My go-to example to explain this is very simple: Let's say we reduce birthdate info to just your birthyear, and geoloc info to just a wide area. And then I have an pseudonimized individual who is marked down as being 105 years old.
Usually there's only one such person.
I invite everybody who works in this field to start using the term 'pseudonimization'.
> My go-to example to explain this is very simple: Let's
> say we reduce birthdate info to just your birthyear,
> and geoloc info to just a wide area. And then I have
> an pseudonimized individual who is marked down as
> being 105 years old.
> Usually there's only one such person.
I was interested to find that HIPAA's requirements for de-identification address the two particular issues you pointed out. First, age above some threshold (90) must be bucketed together as "older than 90." Second, regarding ZIP codes: you must zero out the last two digits. And then, if the resulting identifier contains less than 20,000 inhabitants according to the most recent US census, you have to blank the first three digits as well (there are currently 17 such three-digit prefixes).Source: Pages 96-97 of the combined legislation, available at: https://www.hhs.gov/hipaa/for-professionals/privacy/laws-reg...

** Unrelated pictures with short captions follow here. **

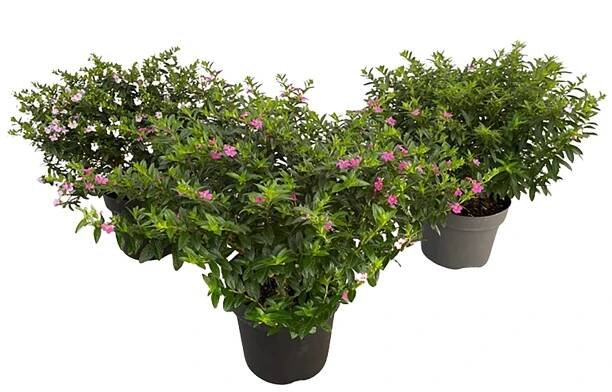 GROW by OBI Japonská myrta (Cuphea hyssopifolia) "Flory Glory" cca 10-20 cm
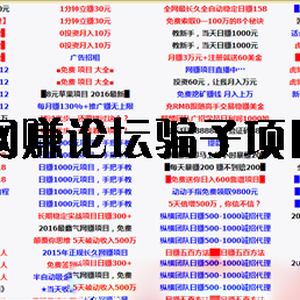 網(wǎng)賺論壇的項目是真的嗎？推薦2016年真實的網(wǎng)賺項目
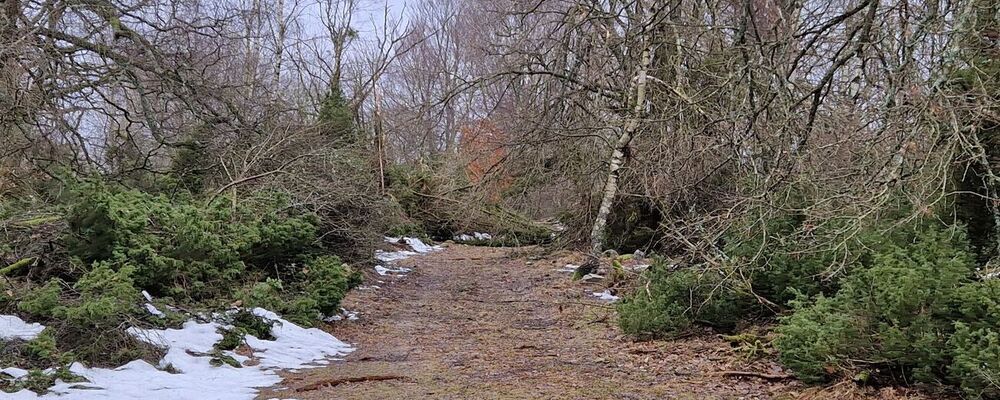 20240128 115101 bred bild 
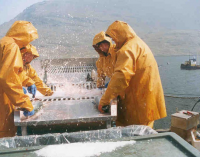 Farmed in the EU – Commission Backs Europe’s Fish Farmers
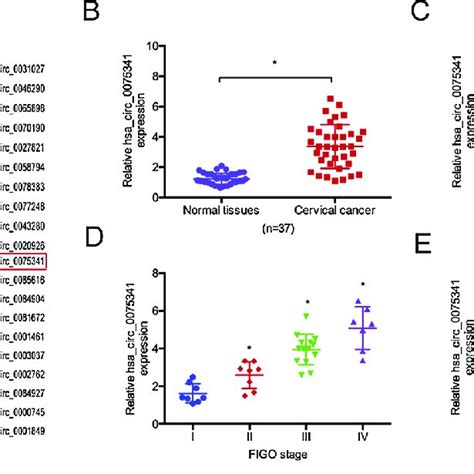 The Expression Levels Of Hsa Circ In Cervical Cancer A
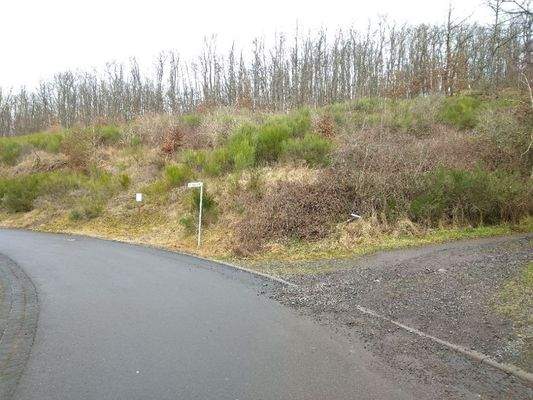 Rechte Straßenseite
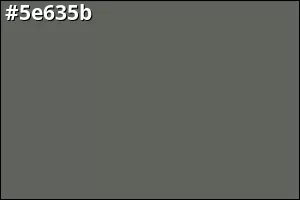 #5e635b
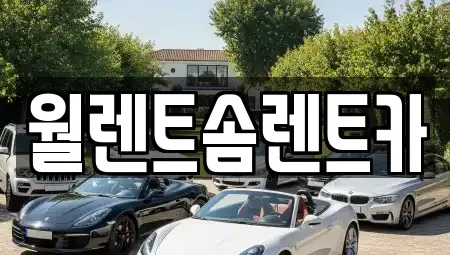 경기도 용인시 처인구 백암면 렌트카 전문 월렌트솜렌트카
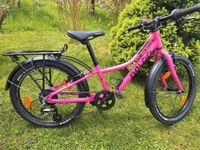 Kinderfahrrad 20 Zoll Naloo Chameleon Baden-Württemberg - Illerkirchberg Vorschau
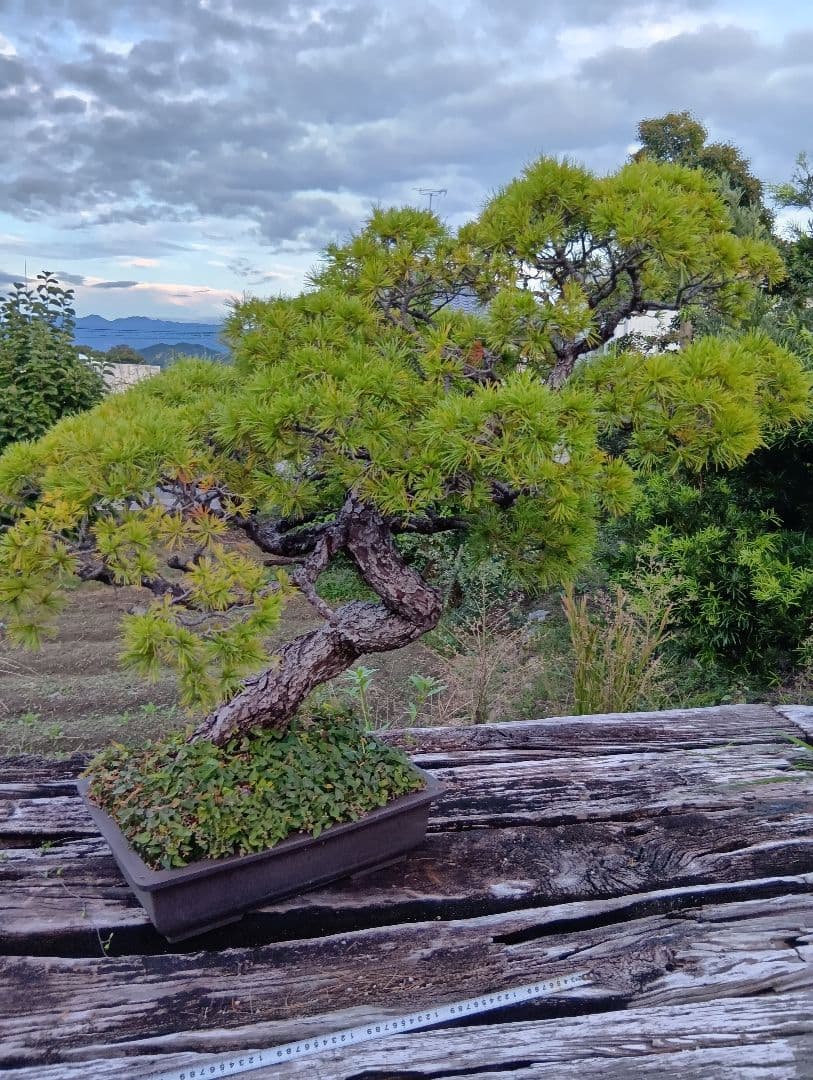 五葉松の盆栽 曲がった幹（かなり大きいサイズ）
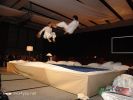 17-02-2010-08.jpg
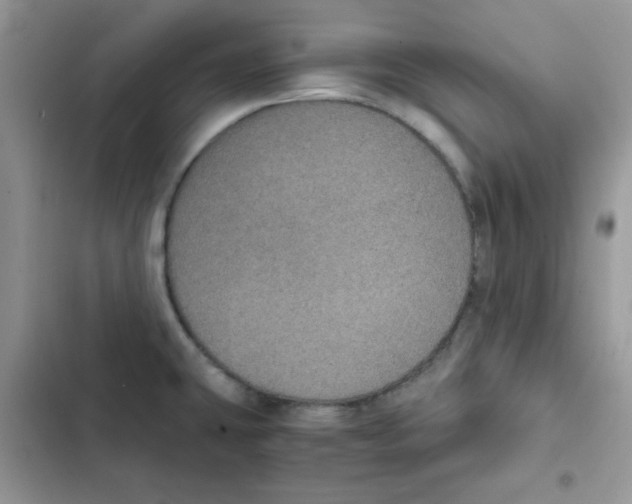 X0000101951431200808151243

You are allowed to roll your own de-identification method, as long as the person doing so is an expert on statistics and de-identification and they document their analysis of why their method is sound. To my knowledge, most entities use the "safe harbor" approach of wiping any data in the legislated blacklist of dimensions.
Let say that you got 20,000 inhabitants, you'll only need about 14 fields that are binary, much less fields if they are not binary (which is quite likely to happen). You'll most likely already got the gender... Even if you limit the age to 10 possible values, that's equivalent to 3 binary fields!